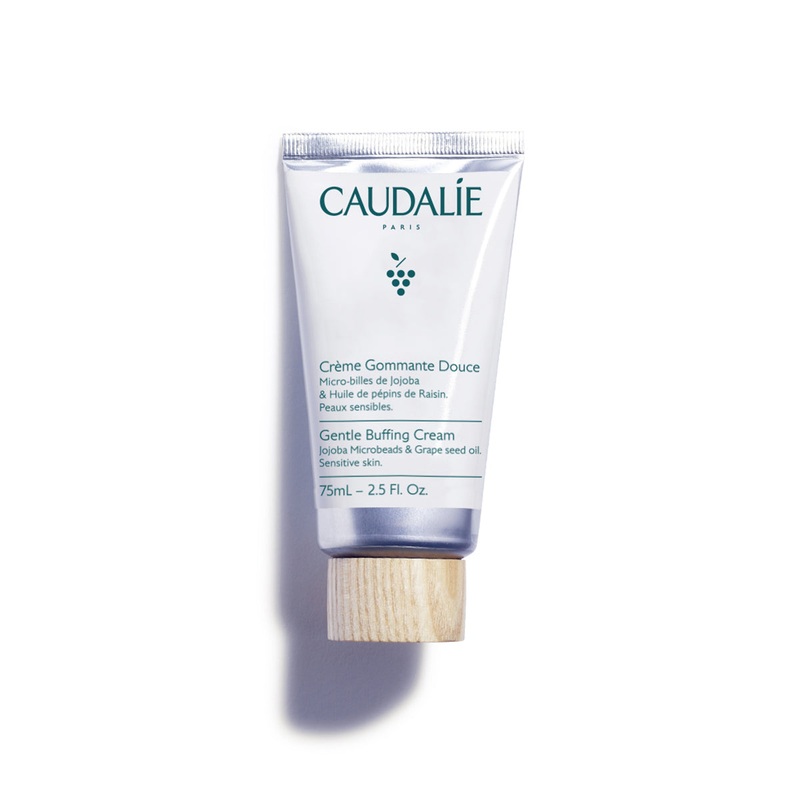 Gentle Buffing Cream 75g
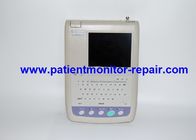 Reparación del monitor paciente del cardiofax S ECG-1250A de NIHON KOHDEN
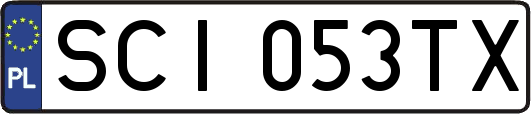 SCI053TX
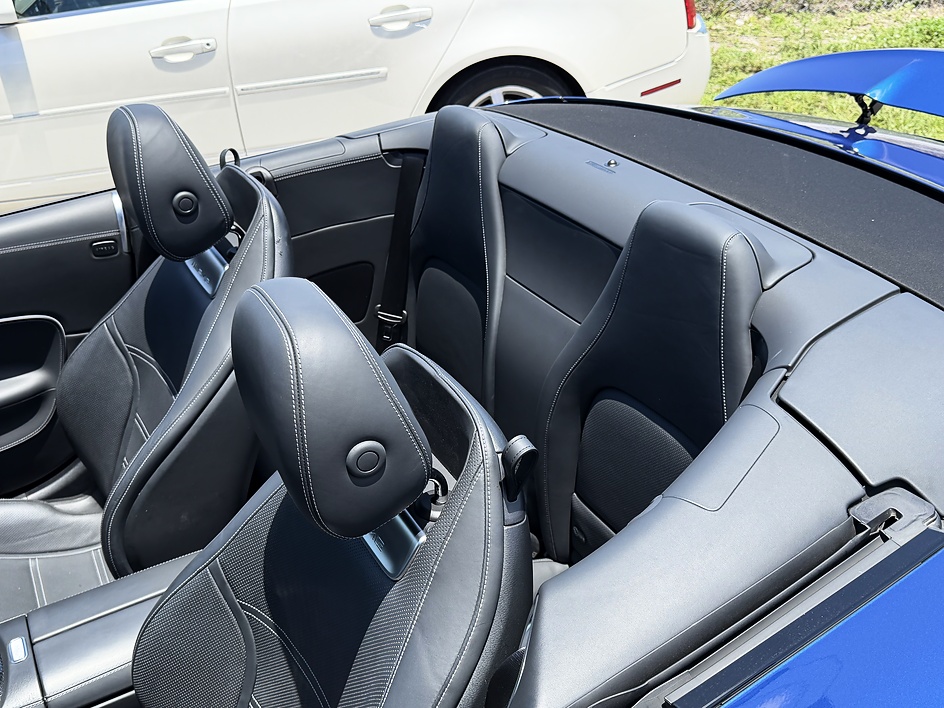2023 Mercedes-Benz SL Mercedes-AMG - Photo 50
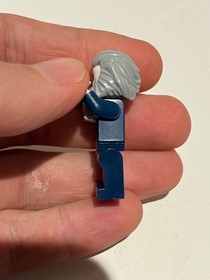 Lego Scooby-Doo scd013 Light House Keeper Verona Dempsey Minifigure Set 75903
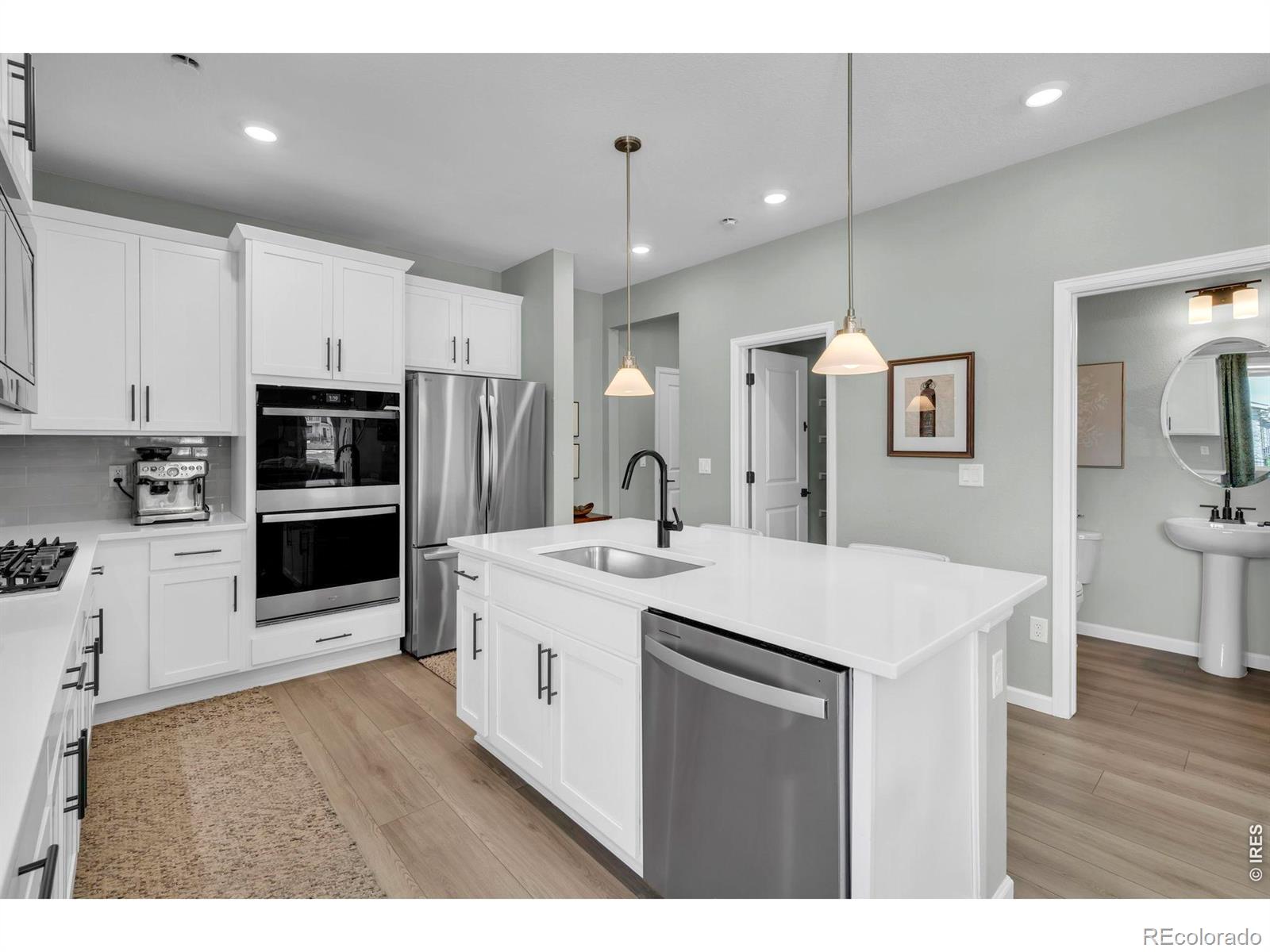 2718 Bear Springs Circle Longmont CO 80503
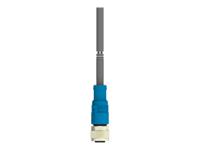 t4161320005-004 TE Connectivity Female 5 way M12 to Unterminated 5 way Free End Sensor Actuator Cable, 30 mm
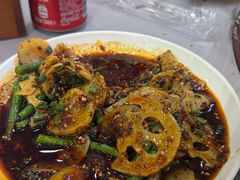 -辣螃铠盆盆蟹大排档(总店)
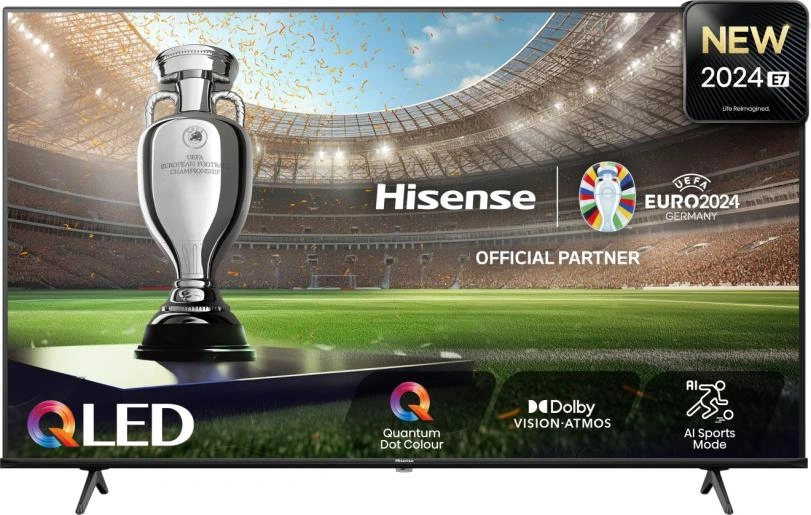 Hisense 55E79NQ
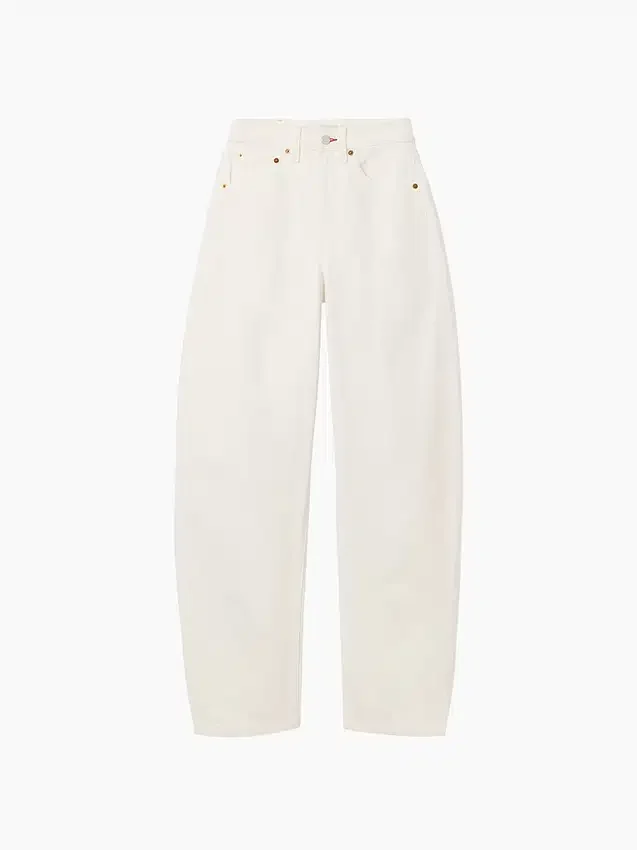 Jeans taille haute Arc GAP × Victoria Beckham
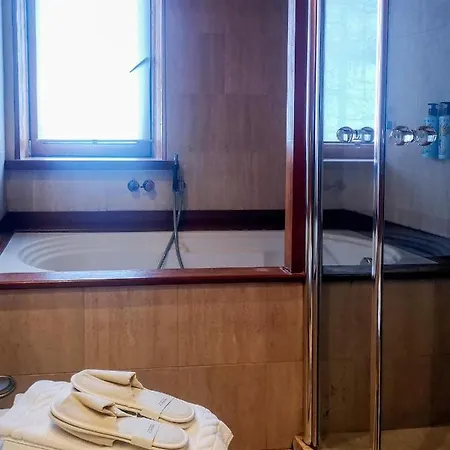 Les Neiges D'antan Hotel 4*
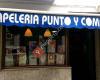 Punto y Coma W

##############################

▶ ABOUT THIS EXERCISE
All lines from the beginning of the entries above to the line containing "Lego Scooby-Doo scd013", inclusive, should be printed exactly, apart from the pictures.

▶ RESPONSE FOR THIS EXERCISE
 Gentle Buffing Cream 75g
 Reparación del monitor paciente del cardiofax S ECG-1250A de NIHON KOHDEN
 SCI053TX
2023 Mercedes-Benz SL Mercedes-AMG - Photo 50
 Lego Scooby-Doo scd013 Light House Keeper Verona Dempsey Minifigure Set 75903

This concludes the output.